Il tasso interbancario ha raggiunto il 4,7 per cento, la responsabilità principale di questa situazione è della politica del tutto insensata della banca centrale europea.

La politica dei tassi di interesse attuata da oltre un anno dal Presidente Trichet sta danneggiando l’economia ed i consumatori italiani.
Mantenere il tasso ufficiale dell’euro al 4 per cento con una forbice in continuo aumento rispetto al tasso della Fed che è ormai la metà di quello europeo significa marciare ad
occhi bendati verso il disastro.

La conseguenza è quella di rendere difficilissimi le esportazioni dell’Europa verso il resto del mondo, di bloccare il turismo diretto verso i nostri paesi e in particolare verso
l’Italia, di far aumentare il livello dei tassi di interesse che i consumatori debbono corrispondere alle banche e quindi di aumentare l’indebitamento delle famiglie. Pensiamo solo che le rate
dei mutui a tasso variabile sono aumentate negli ultimi due anni di 170 euro mensili.
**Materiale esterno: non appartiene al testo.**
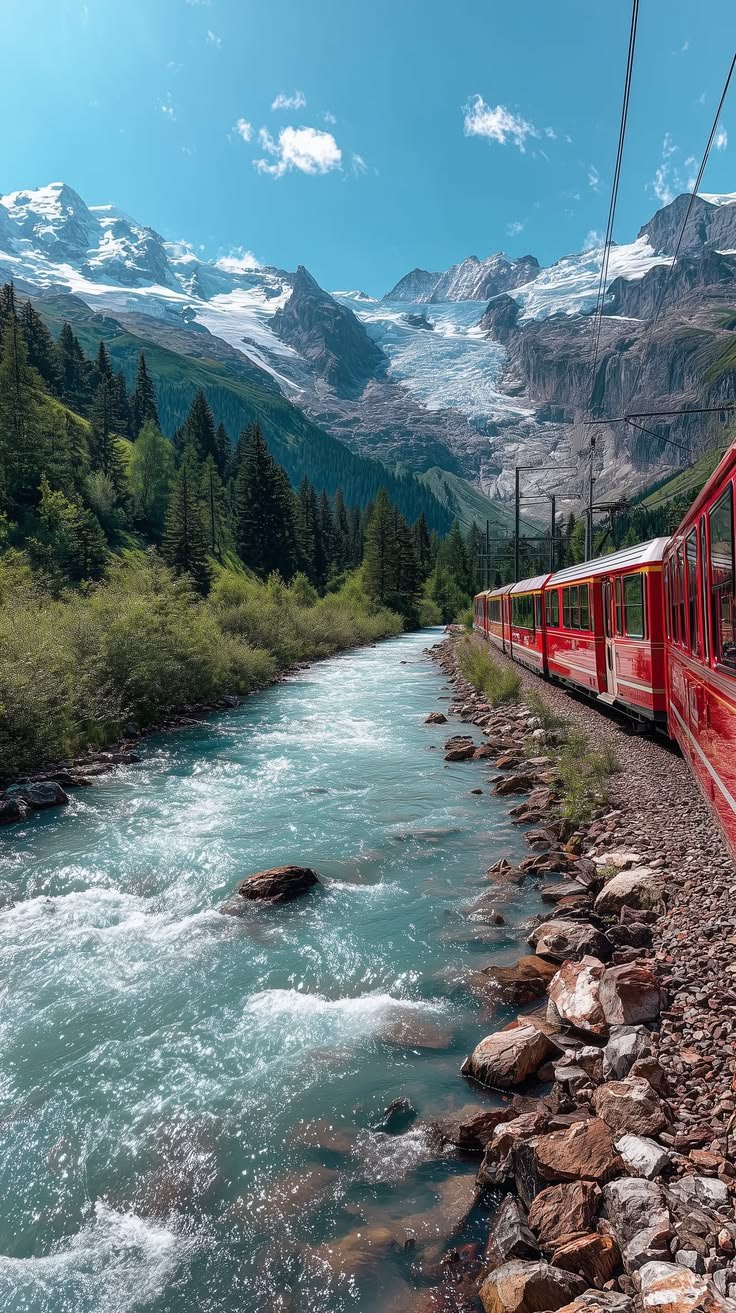 This may contain: a red train traveling down tracks next to a river and mountain covered with snow capped mountains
E’ impensabile che si vada avanti in questo modo, la banca centrale europea sta travalicando i suoi poteri e le conseguenze delle sue scelte non possono riguardare il tasso di cambio con
l’estero e i livelli di indebitamento dei cittadini. E’ necessaria un’immediata riduzione del tasso d’interesse. Il governo ancora in carica e i partiti che si candidano a dirigere il Paese
debbono muoversi rapidamente e in un modo determinato in Italia e in Europa per raggiungere questo obbiettivo e invertire la rotta in tempi rapidi.